— What the task asks —
The result should hold only the lines from the one with "Seral Duru Tea" through the final line of the data below, transcribed exactly, pictures left out.

— Exercise data —
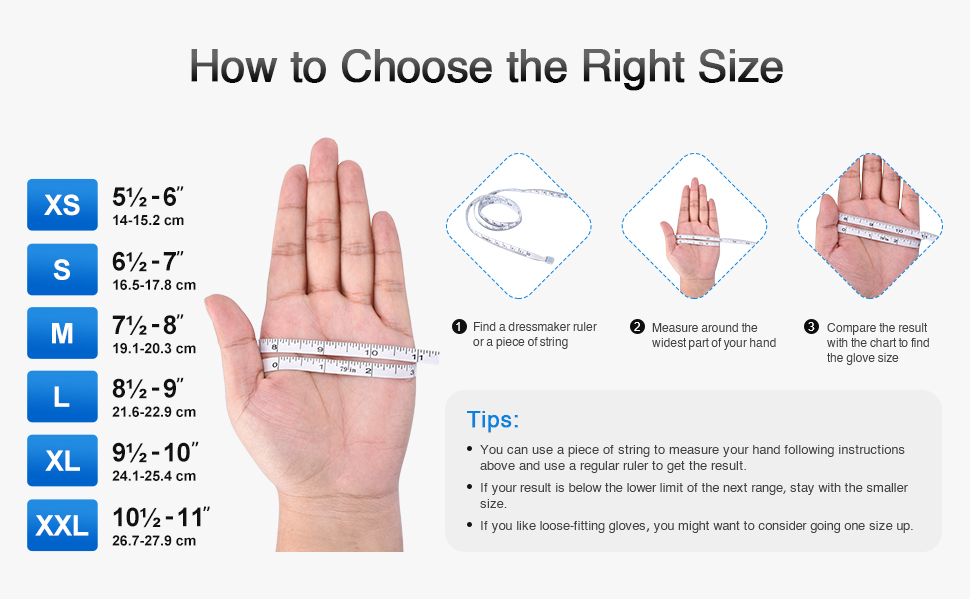 Schneider VMFC20 Clear Disposable Vinyl Exam Gloves - Size Chart - How to Choose the Right Size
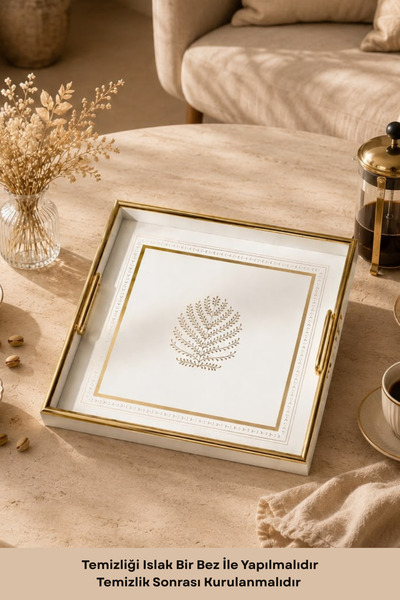 Seral Duru Tea Coffee Breakfast and Presentation Tray 36 cm Square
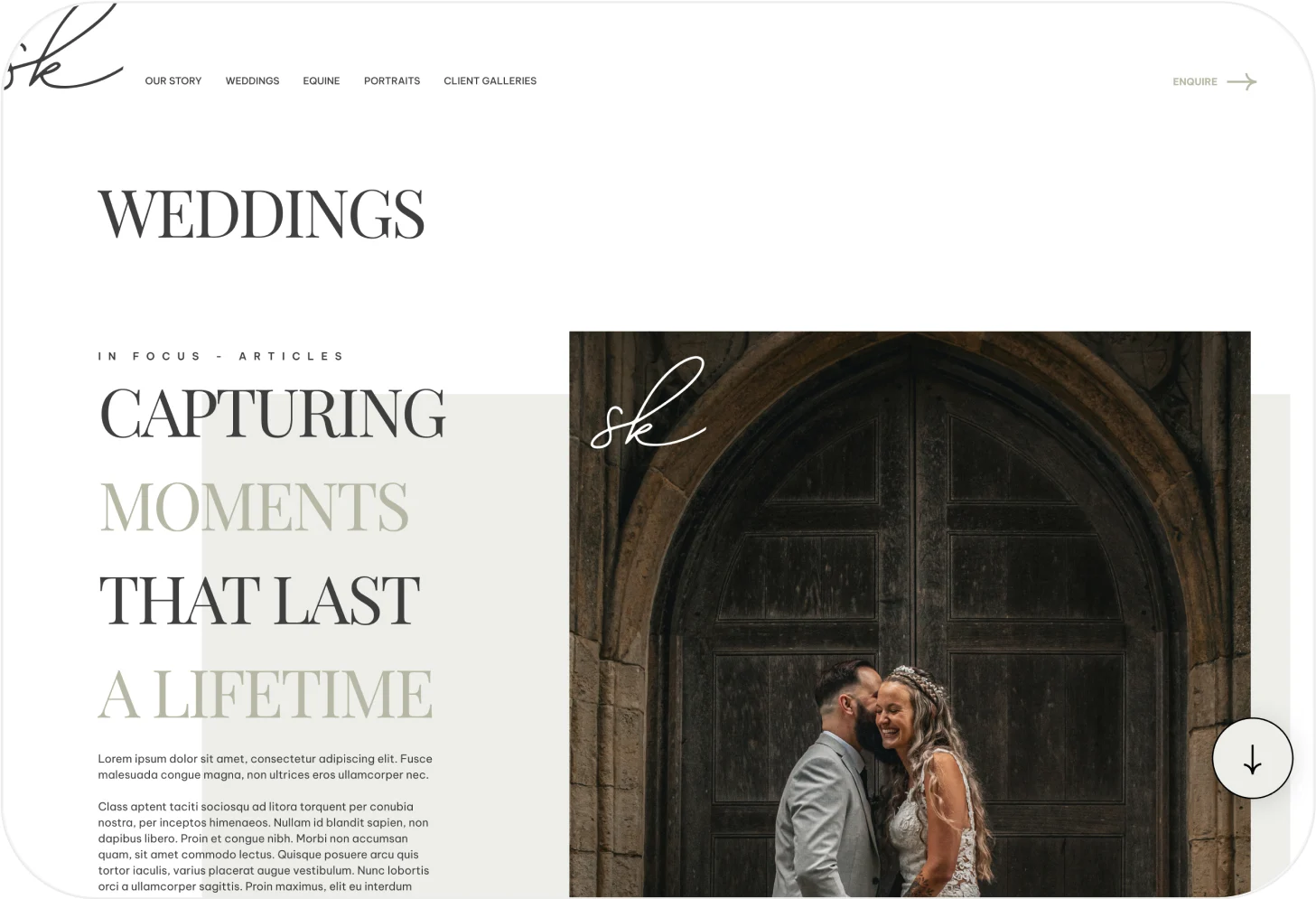 Sophie Kate Photography desktop clean layout with beautiful typography website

— Your response —
 Seral Duru Tea Coffee Breakfast and Presentation Tray 36 cm Square
 Sophie Kate Photography desktop clean layout with beautiful typography website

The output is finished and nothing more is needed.